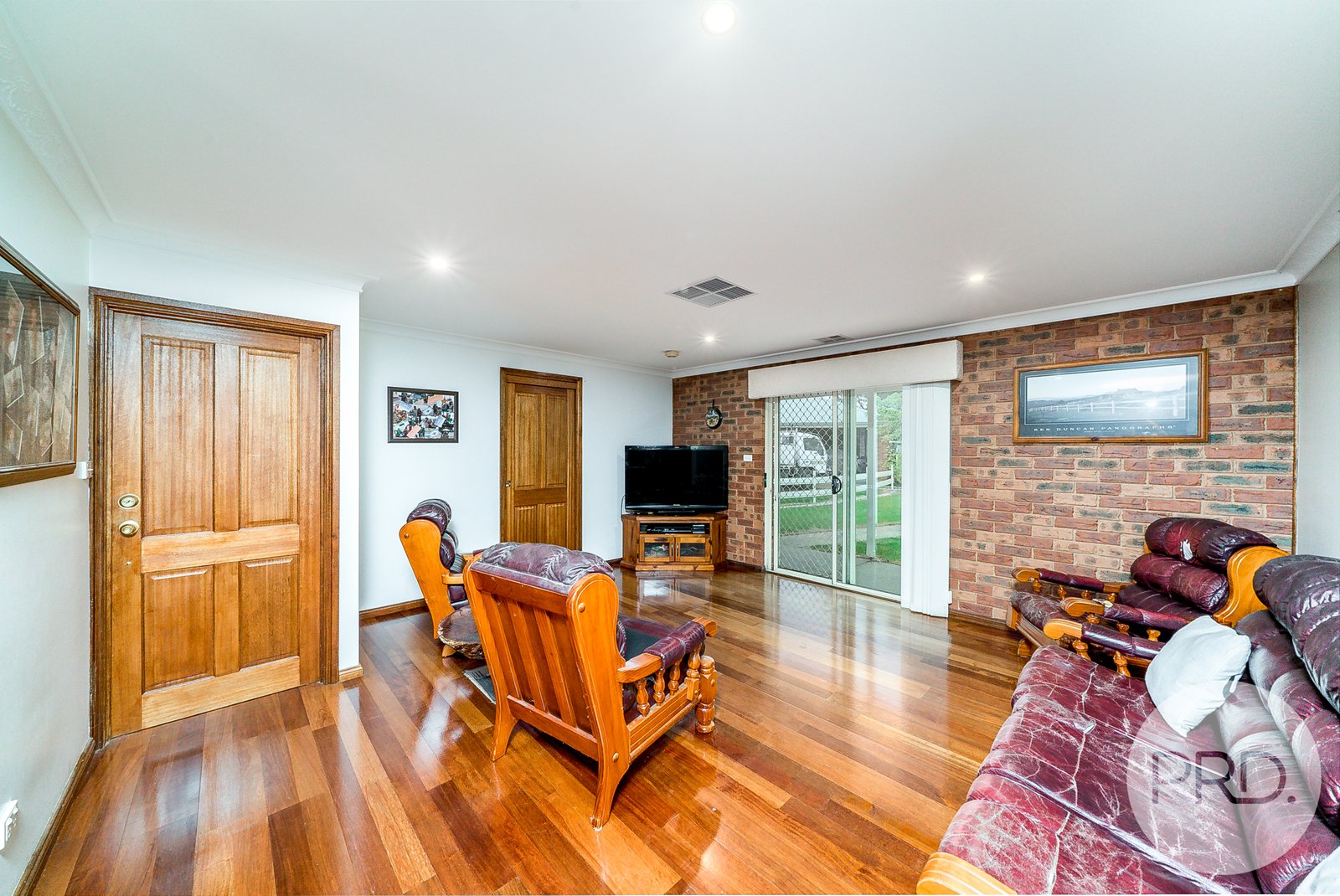6 Tallowood Crescent LAKE ALBERT 9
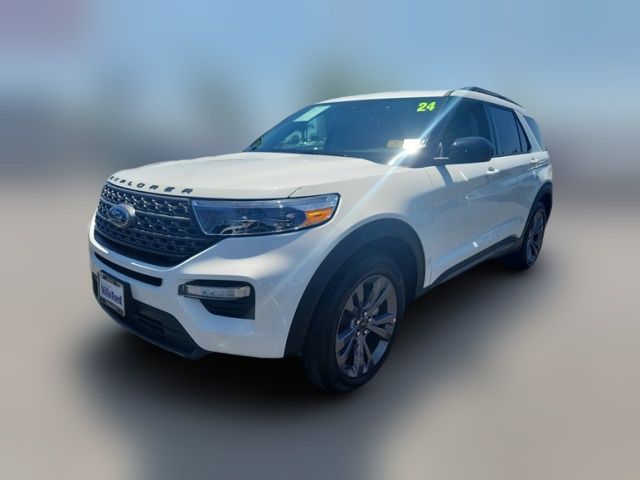 2024 Ford Explorer XLT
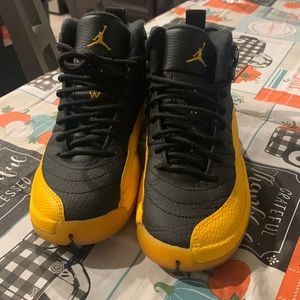Jordan 12s size 4 grade school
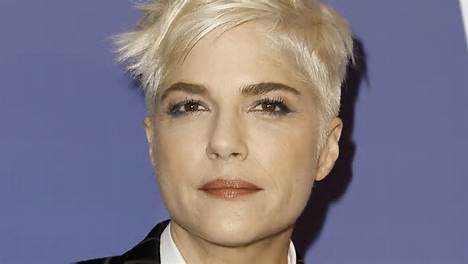 Selma Blair Arrested After Alleged Midflight Assault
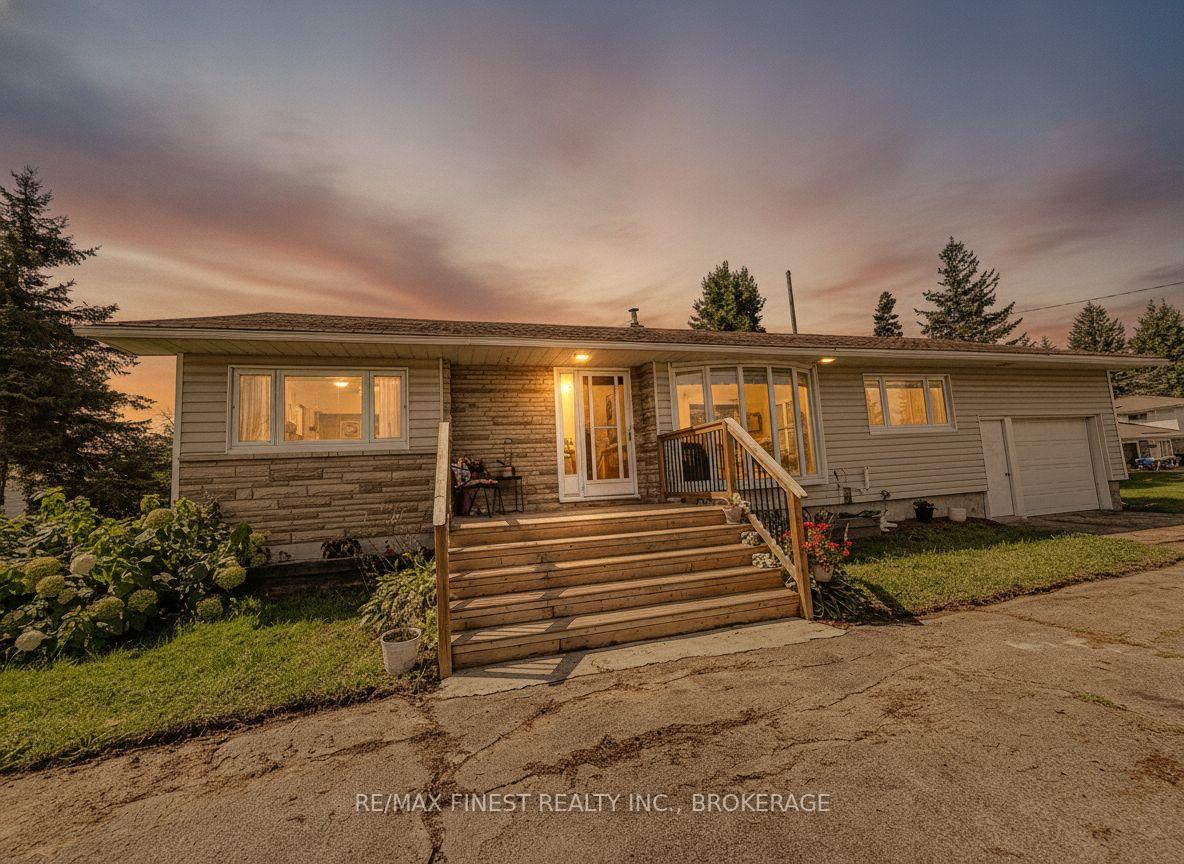 9859-county-road-42-westport-ontario-x13719744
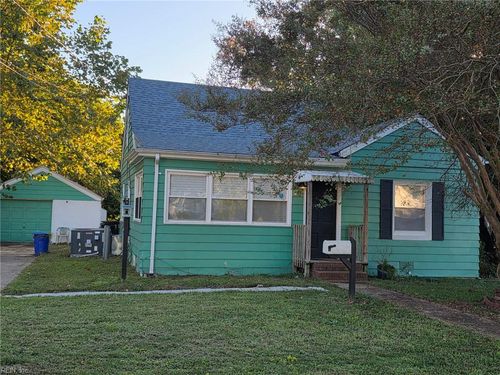 stre-6 Clover St, Hampton, VA, 23669-1976 | Card Image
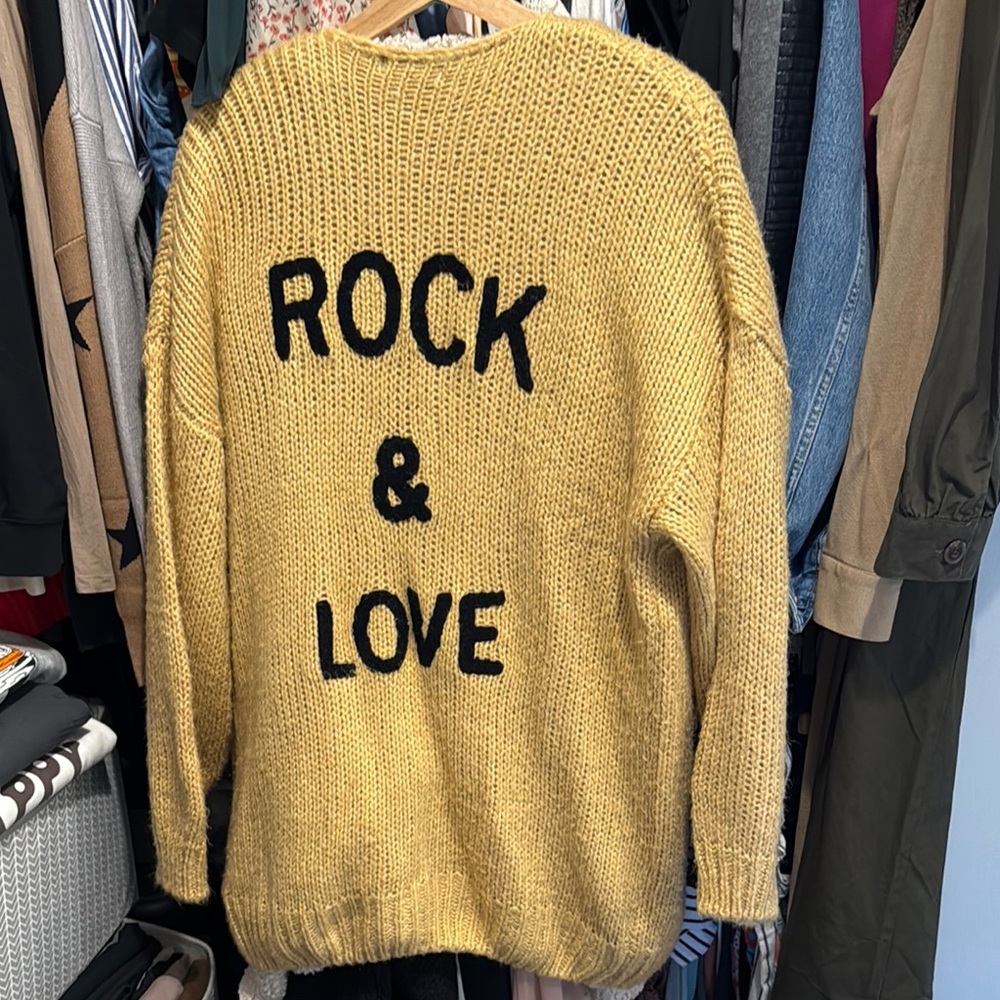 Rock & Love sweater
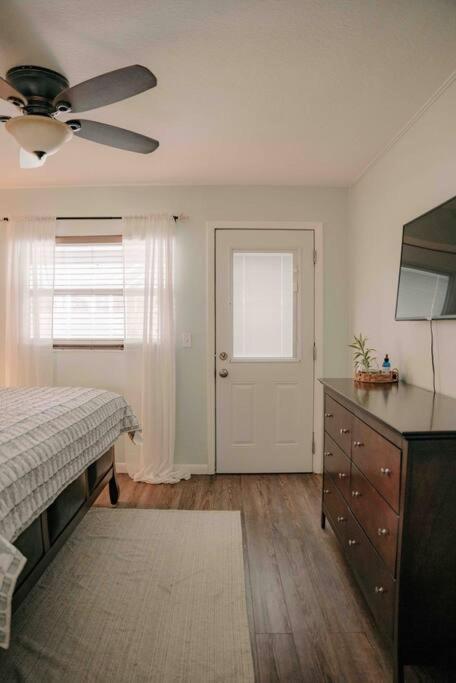Entire Home, Heated Pool, Just 10 Min To Beach! Vero Beach Exteriör bild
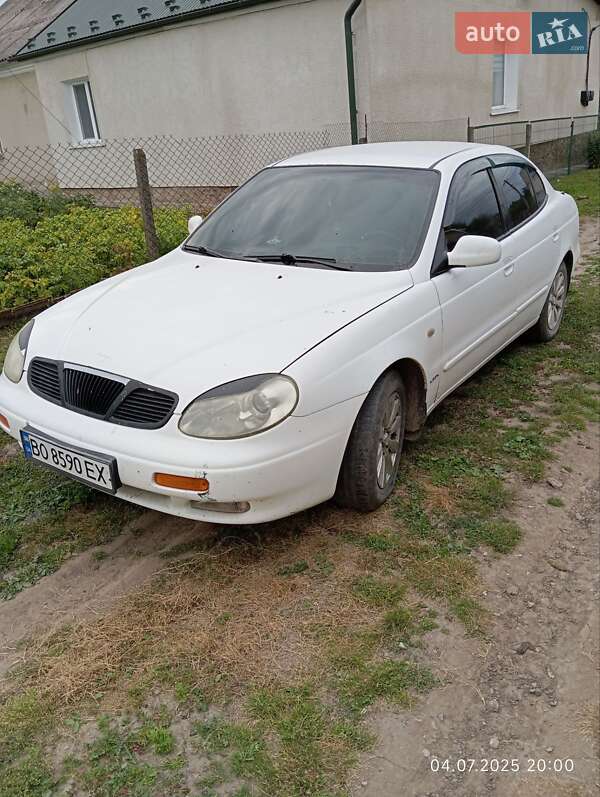 Daewoo Leganza 1998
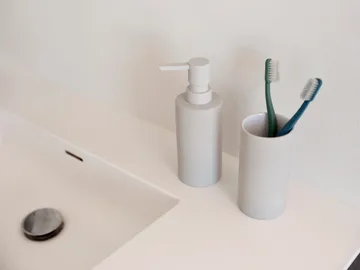 Solo toothbrush mug - Soft Grey - Zone Denmark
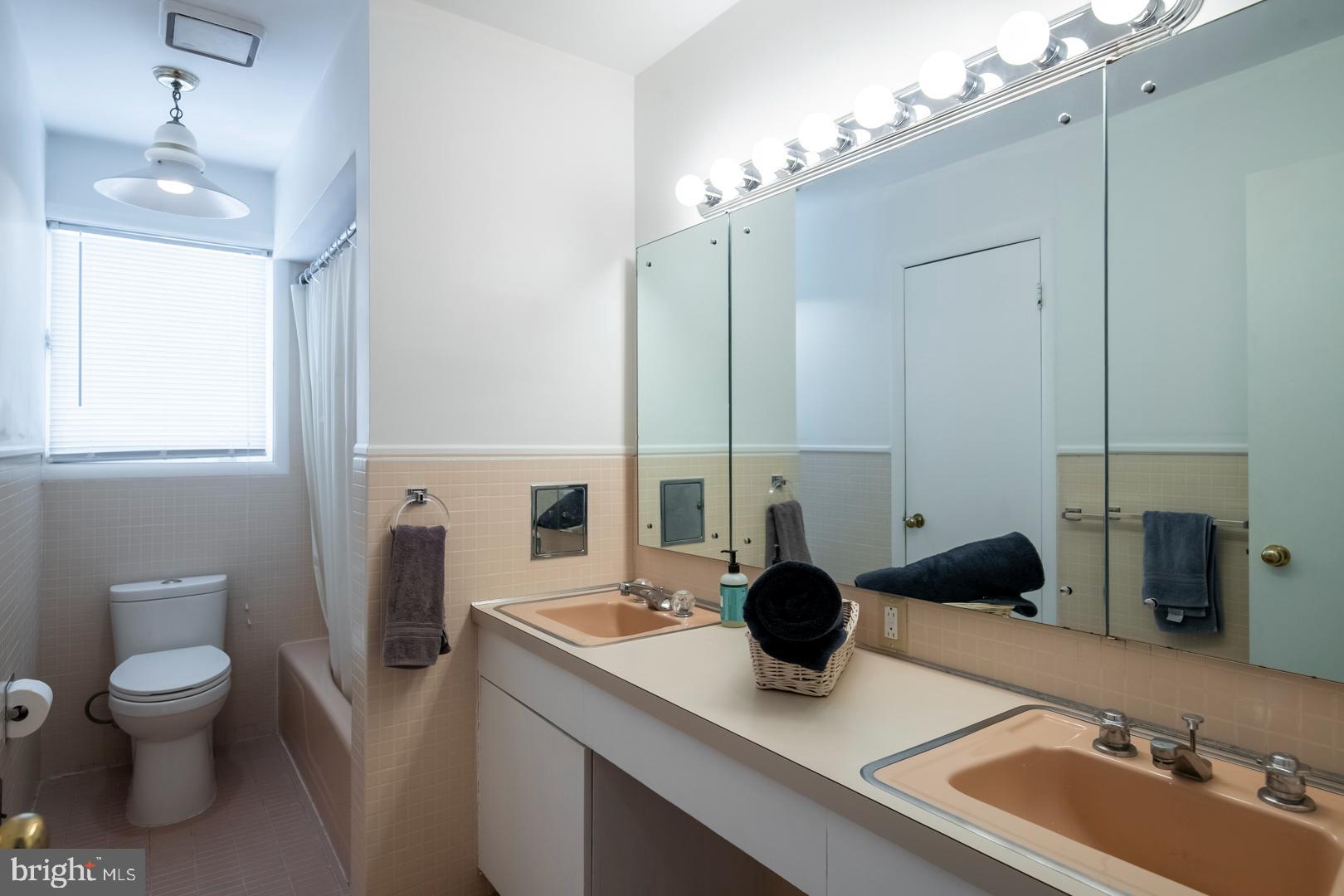 BIRDLAND - Residential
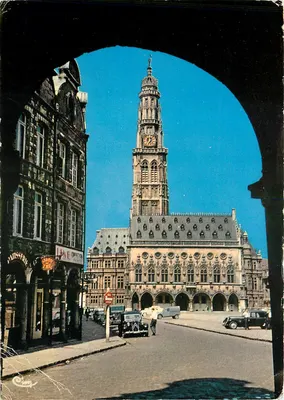 Arras — Hotel de Ville visto por um arco — editor C. C. C. (C. C. C.)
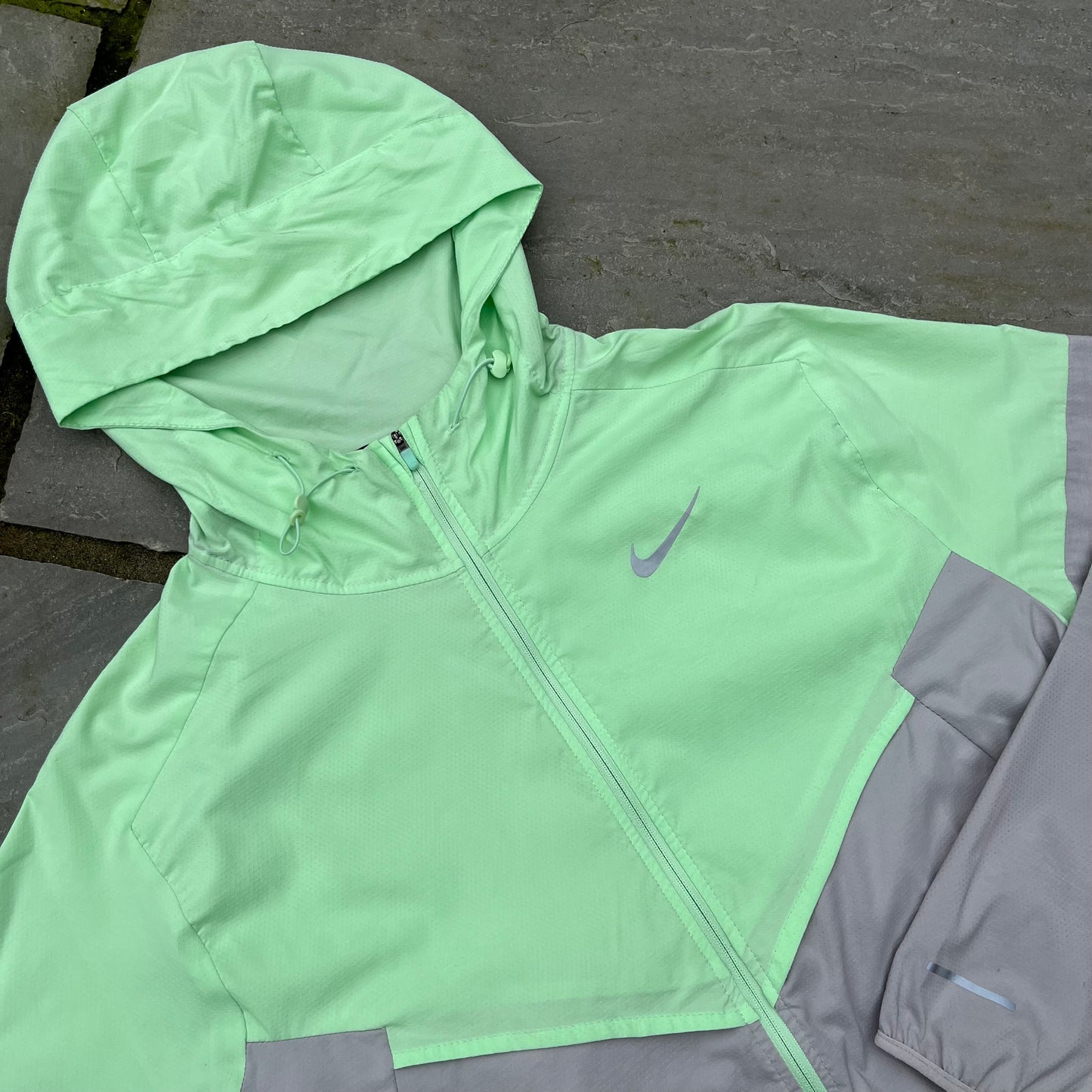 Nike Windrunner Packable Jacket - Grey / Vapour Green - Small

########

> [What you have to do]:
Pictures don't belong in the copy. Transcribe every record exactly as it appears.

> [Response area]:
6 Tallowood Crescent LAKE ALBERT 9
 2024 Ford Explorer XLT
Jordan 12s size 4 grade school
 Selma Blair Arrested After Alleged Midflight Assault
 9859-county-road-42-westport-ontario-x13719744
 stre-6 Clover St, Hampton, VA, 23669-1976 | Card Image
 Rock & Love sweater
Entire Home, Heated Pool, Just 10 Min To Beach! Vero Beach Exteriör bild
 Daewoo Leganza 1998
 Solo toothbrush mug - Soft Grey - Zone Denmark
 BIRDLAND - Residential
 Arras — Hotel de Ville visto por um arco — editor C. C. C. (C. C. C.)
 Nike Windrunner Packable Jacket - Grey / Vapour Green - Small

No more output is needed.